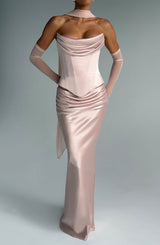 Fioreclo Bernadine Maxi Skirt in Soft Peach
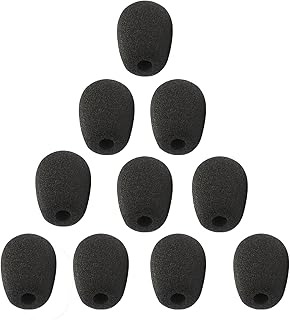 مجموعة أغطية ميكروفون لسماعات الرأس من فاشون مانيا، 10 قطع من إسفنج ناعم ومريح وأغطية ميكروفون عالية الكثافة لمجموعة متنوعة من ميكروفونات سماعات الرأس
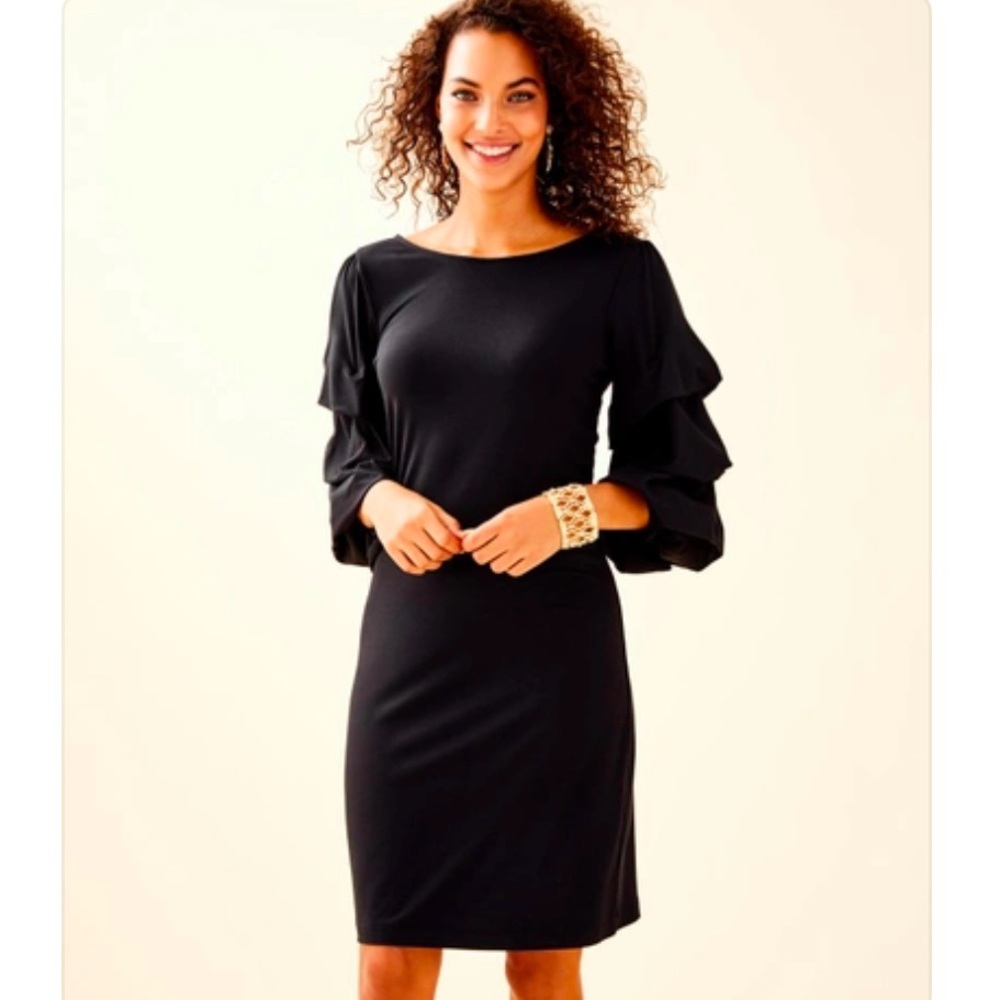 Lilly Pulitzer Leonie Ruffle Sleeve Dress Onyx Size Small S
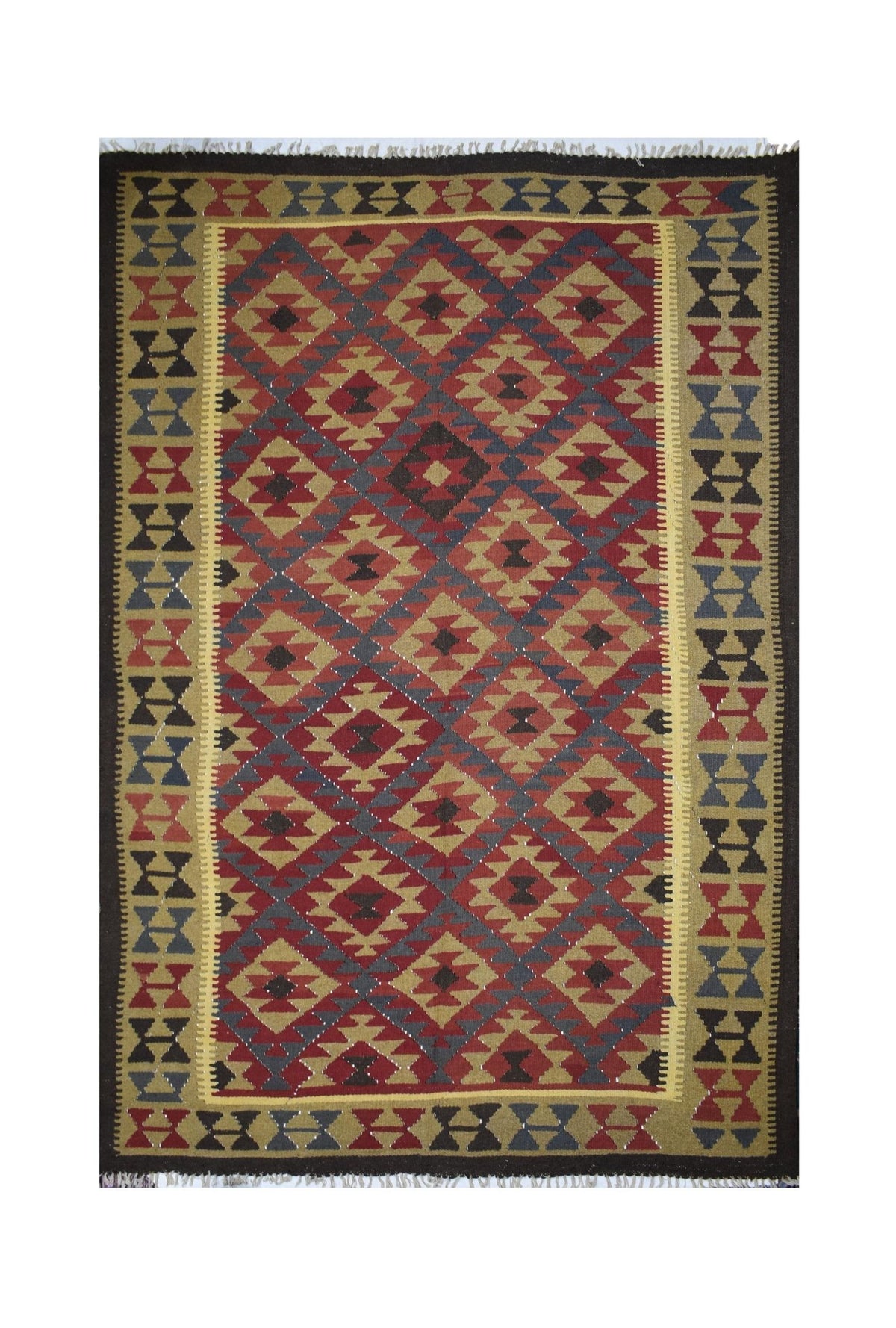 Handmade Afghan Maimana kilim rug featuring a geometric diamond pattern in red, blue, and tan.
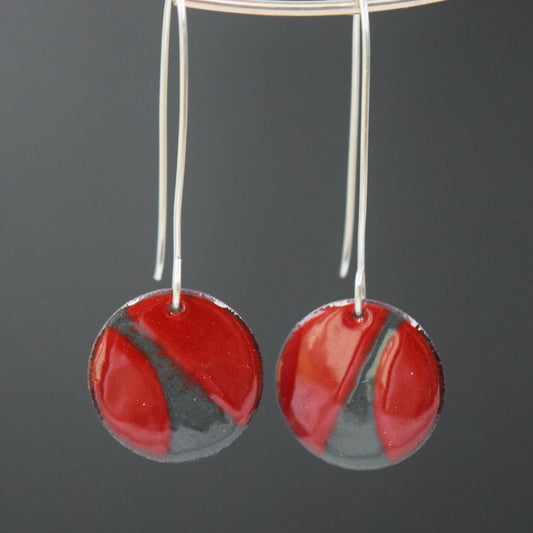 Red and Gray Enamel Earrings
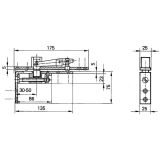 Zapfenband GEZE Modell B f. Pendeltren m. Trschiene, Stahl blank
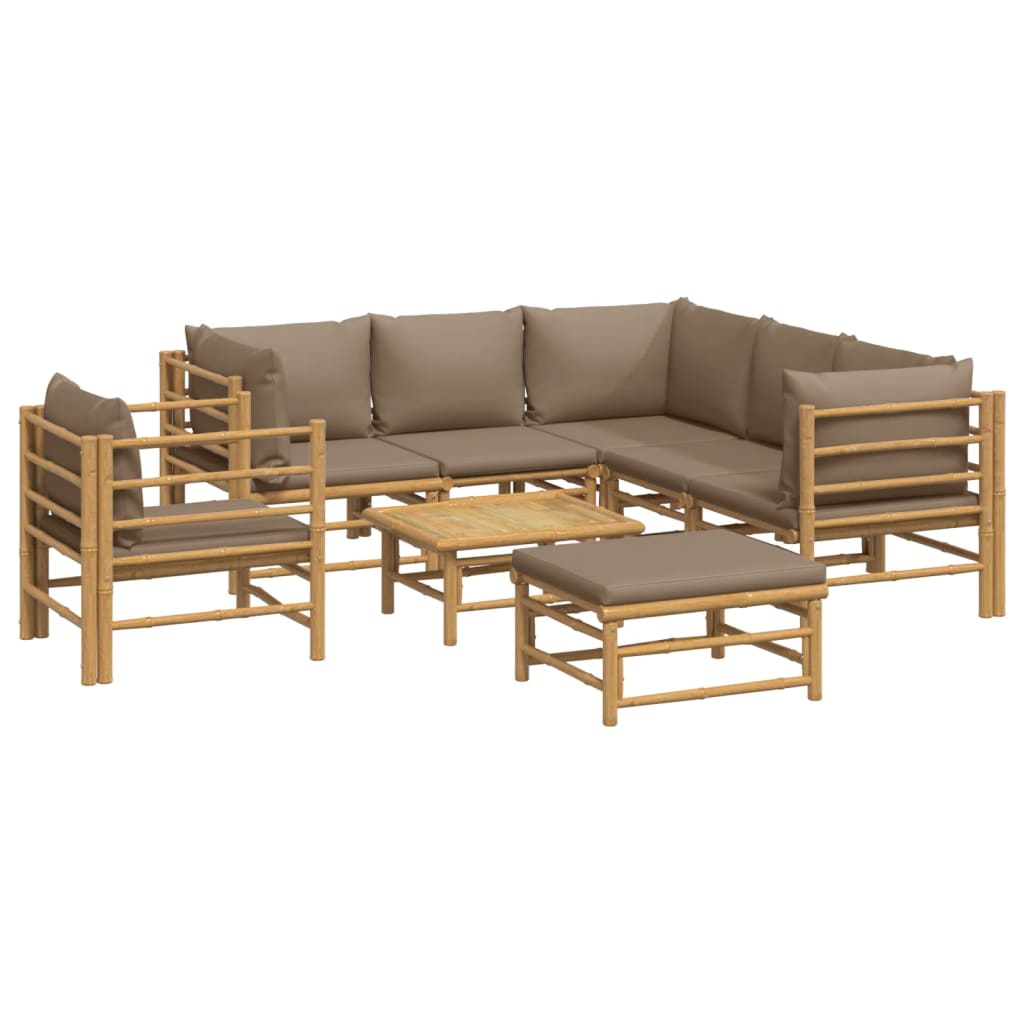 8-delige Loungeset met kussens bamboe taupe is nu te koop bij PeponiXL, paradijselijk wonen!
#####
> [Exercise details] Output an exact copy of the lines from the one with "Handmade Afghan Maimana" through the closing line of the records, inclusive, without any images.

> [Reply]
 Handmade Afghan Maimana kilim rug featuring a geometric diamond pattern in red, blue, and tan.
 Red and Gray Enamel Earrings
 Zapfenband GEZE Modell B f. Pendeltren m. Trschiene, Stahl blank
 8-delige Loungeset met kussens bamboe taupe is nu te koop bij PeponiXL, paradijselijk wonen!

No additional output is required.